SCP-6820による世界の終焉後、メタファウンデーションによる調査結果が過去のTL-4755-Aに伝えられたことで、SCP-6820が建造されないTL-4755-Bのタイムラインが新たに作成されます。TL-4755-Aをすんでのところで脱出してきたプレースホルダー博士が過去の自分と融合し、訓戒エピソード2以降の話が展開されていくこととなります。このため、後のエピソードではPH-OSや、SCP-5956で登場したパラドックス脱出エンジンが登場しています。
なお、諸悪の根源となったパラドックス脱出エンジンですが、実はOG43カノンのアーキティピカルズシリーズで登場するプレースホルダー探索エンジンとは頭文字が一致します。双方ともにカノン間を移動するマシンなので、おそらく本質的には同じものなのでしょう。
ヘカトンケイルズ・サイクル
現代に蘇る古代の神々や文明の残滓と、それに対処していく英国のサイト-91の職員たちに関する壮大なシリーズです。著者がVKTMやヴァンガード関連を書いているGrigori氏であるため、サイト-91とその管理官であるイオナ・ヴァルガはOG43カノンなどMetaFの各所でカメオ出演しています。
海と岸
サイト-184 (そして釣魚評議会) を中心とする、海舞台のシリーズ/構想中カノンです。釣魚評議会シリーズがF120Aカノンと重複していることもあり、『海と岸』カノンはTL-1911から分派したTL-1911/184で展開されているとされます。

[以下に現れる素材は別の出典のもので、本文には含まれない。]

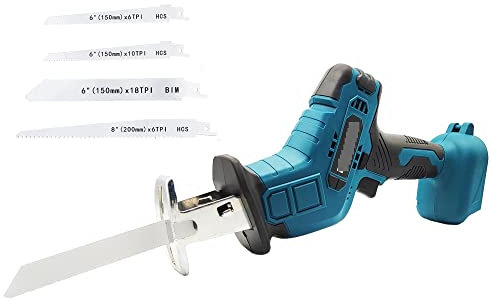 Sierra alternativa Sierra recíproca inalámbrica de 18V, sierra eléctrica de velocidad ajustable, corte de tubos de madera, Metal y PVC, compatible con batería de 18v sin batería Diseño ligero y compac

上のメタファウンデーションMAPではSCP-6269もここに組み込まれていましたが、だいぶ作風が違うので、本当にここに組み込まれているのかはちょっと……わかりません (SCP-6269自体はメタファウンデーションにがっつり関わっていますが)。
統合プログラム
サイト-322とエリア-179が推進している、有用なアノマリーを財団の施設・職員体型に組み込むプロジェクト“統合プログラム”に関する構想中カノン。非定型収容ものの一つです。著者層が共通しているため、OG43カノンなどとクロスオーバーすることがあります。
その他
The Way It Goes / TWIG
Lyrin氏を中心に構想されているカノン。米国ワイオミング州は異様なまでに物語エネルギーが低く、異常現象がほぼほぼ発生しないため、Nx-150に指定されています。財団はエリア-150を建設し、Nx-150の空想科学的研究を行っていました。ただ、ワイオミング州で異常な現象を起こそうとする組織が出現し……。

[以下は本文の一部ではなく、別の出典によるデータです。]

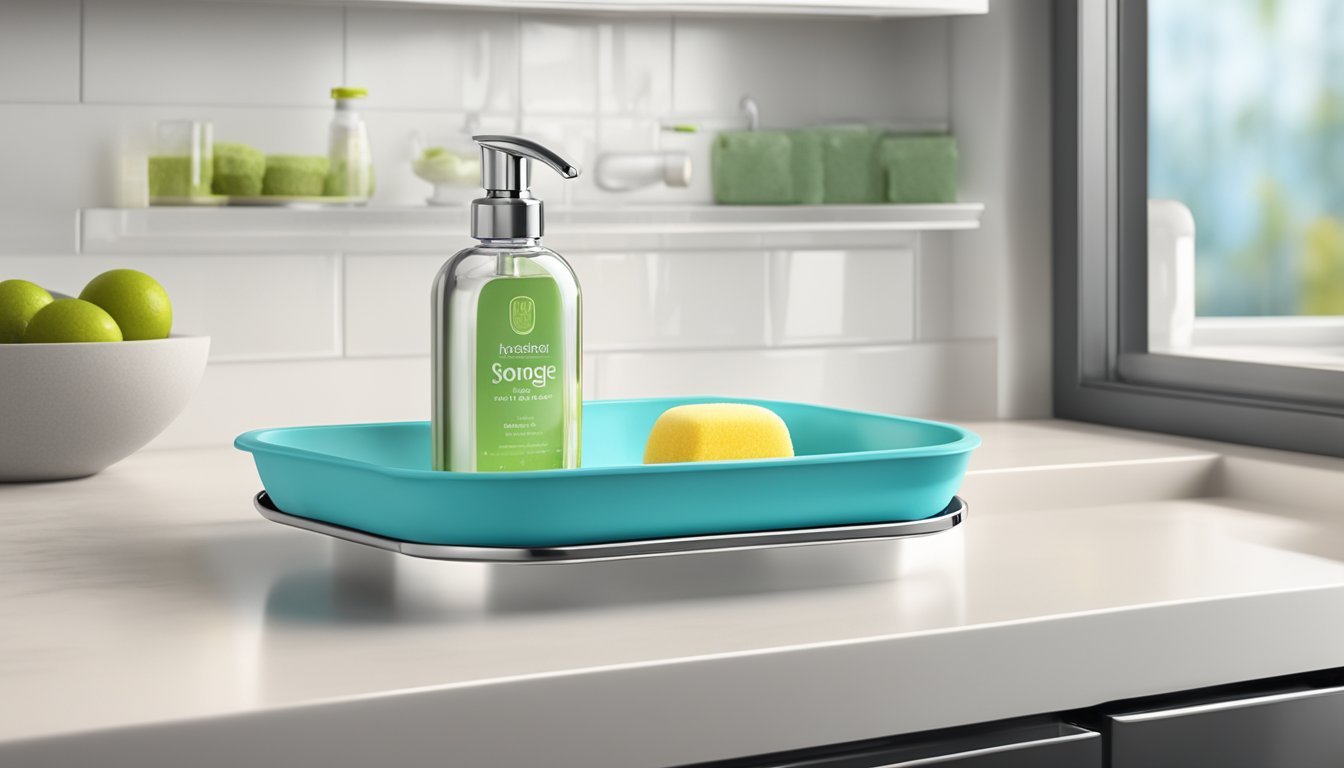 A wall-mounted soap foaming tray holds a sponge and dish soap in a sleek, modern kitchen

本編作品はまだ投稿されていないのですが、メタファウンデーション初期にコアカノンの一つとして計上されていたこともあり、他のMetaF関連作品でNx-150やエリア-150がちらほらとカメオ出演しています。一応これもTL-001-PRIME所属らしいです。
メキシコ湾
2016年代から存在する老舗カノン。米国南部 (特にメキシコ湾周辺) を舞台に、ローカルな財団像で展開される、いくつかの設定・タイムラインを共有した作品の集合体です。初期は“メキシコ湾: 炎上”と称して米国南部で巻き起こる大規模収容違反か何かの連作を構想していたようですが、メインライターの一人であったマックティリス氏が失踪したため、わずか2作で終わりました。

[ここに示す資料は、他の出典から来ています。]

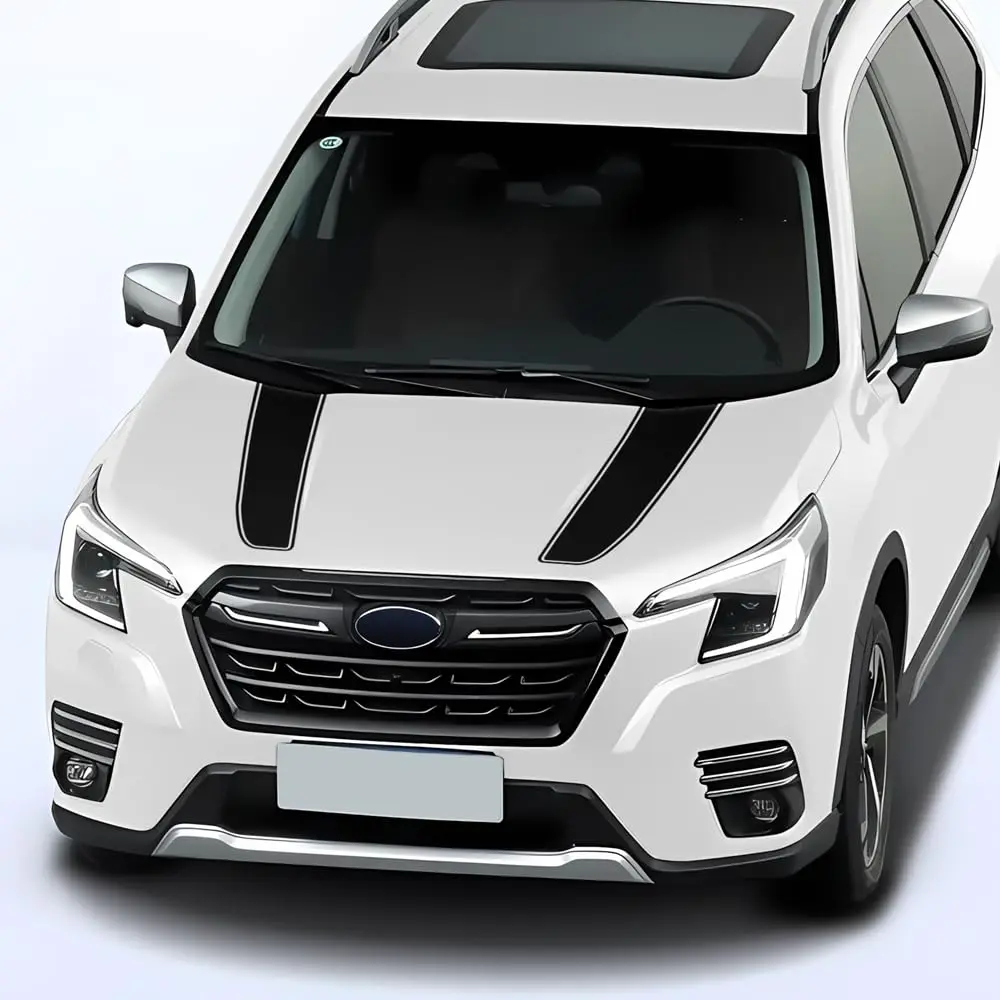2pcs Car Hood Bonnet Racing Stripes Vinyl Decal Stickers Compatible with Subaru Forester SJ SK 2014-2025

とはいえ、ローカルで人間的な財団像がコアな人気を博していること、また、SUSEOCT/米国南部超常組織協力条約 (財団はそれほど強大ではなく、他のGoIと協定の下で協力/法廷闘争しつつ共存している) の設定が便利なことから、未だにちらほらと記事が書かれ続けています。
メタファウンデーションとの関係は現状ほぼ全くないのですが、おそらく設定上衝突しないために (そしてメインライターの一人であるシメリアン氏がMetaFに参加しているために) コアカノンに組み入れられています。
この素晴らしき世界
ワンダーテインメント博士の掘り下げカノン。ただし、WWS史を扱うTake It Away, My Darlingシリーズも著者が共通するためここに組み込まれていたりします。
メタファウンデーションのコア・カノン、およびノー・リターンの関連カノンに指定されていますが、実際のところそれほど深い関わりはありません。おそらく設定上衝突しないために (そしてメインライターの一人であるDarkstuff氏がMetaFに参加しているために) コアカノンに組み入れられています。とはいえ、ワンダーテインメントやWWSの描写はこのカノンの影響を多少意識したほうがいいのかもしれません。
全ての戦線で戦え
1988年の怪獣ワニイカによるハイ・ブラジル島襲撃を始まりに、いくつかの異なるストーリーを描く怪獣ものカノン。3つの並行するサブカノンを内包しているのが大きな特徴です。
- 《学問》 — ハイ・ブラジル島襲撃を最後にそれ以上怪獣が現れず、怪獣が残した諸々にGoIがどう反応するかを描くサブカノン。最もメジャーカノンに近い。
- 《黙示》 — 怪獣の起源を探る財団が怪獣まみれの異世界に踏み込んだ結果、膨大なワニイカが基底現実に押し寄せて世界が滅ぶサブカノン。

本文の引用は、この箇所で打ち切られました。